● Problem to solve: Repeat all the lines below exactly, but omit the pictures.

● Data excerpt:
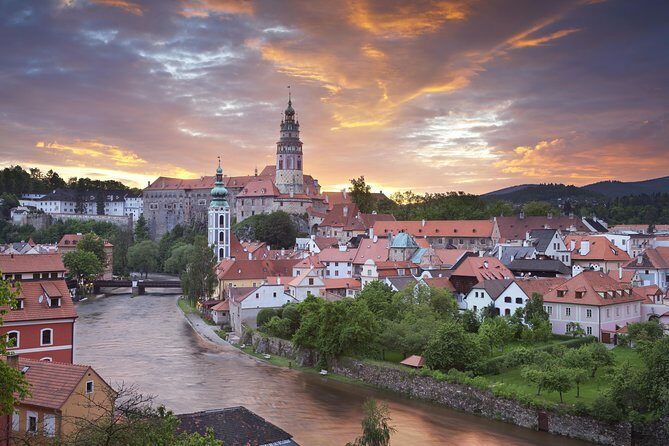 Private Luxury Transfer to Cesky Krumlov from Prague - What to expect from your driver (and how that shapes the experience)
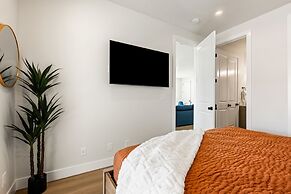 Green Acres 8 Bedroom Townhouse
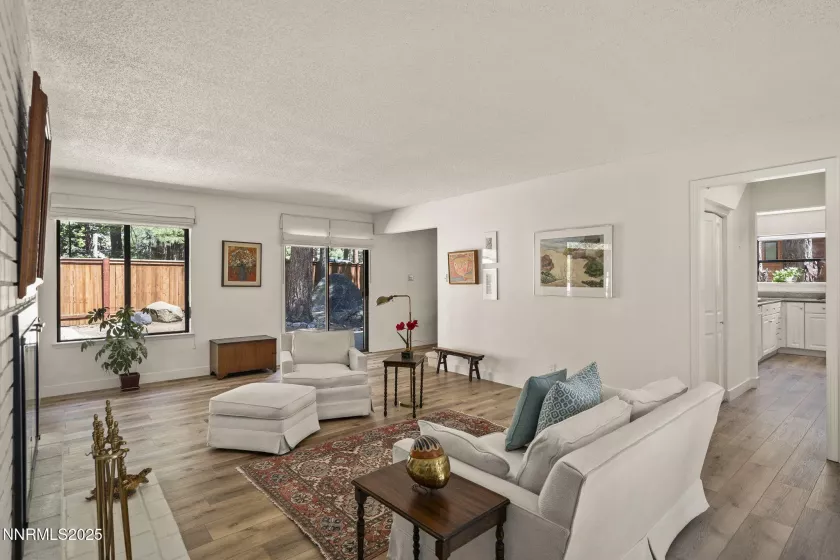 885 Dyer, Incline Village, Nevada 89451, 4 Bedrooms Bedrooms, ,3 BathroomsBathrooms,Residential,Residential,Dyer,250053049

● Response for this exercise:
 Private Luxury Transfer to Cesky Krumlov from Prague - What to expect from your driver (and how that shapes the experience)
 Green Acres 8 Bedroom Townhouse
 885 Dyer, Incline Village, Nevada 89451, 4 Bedrooms Bedrooms, ,3 BathroomsBathrooms,Residential,Residential,Dyer,250053049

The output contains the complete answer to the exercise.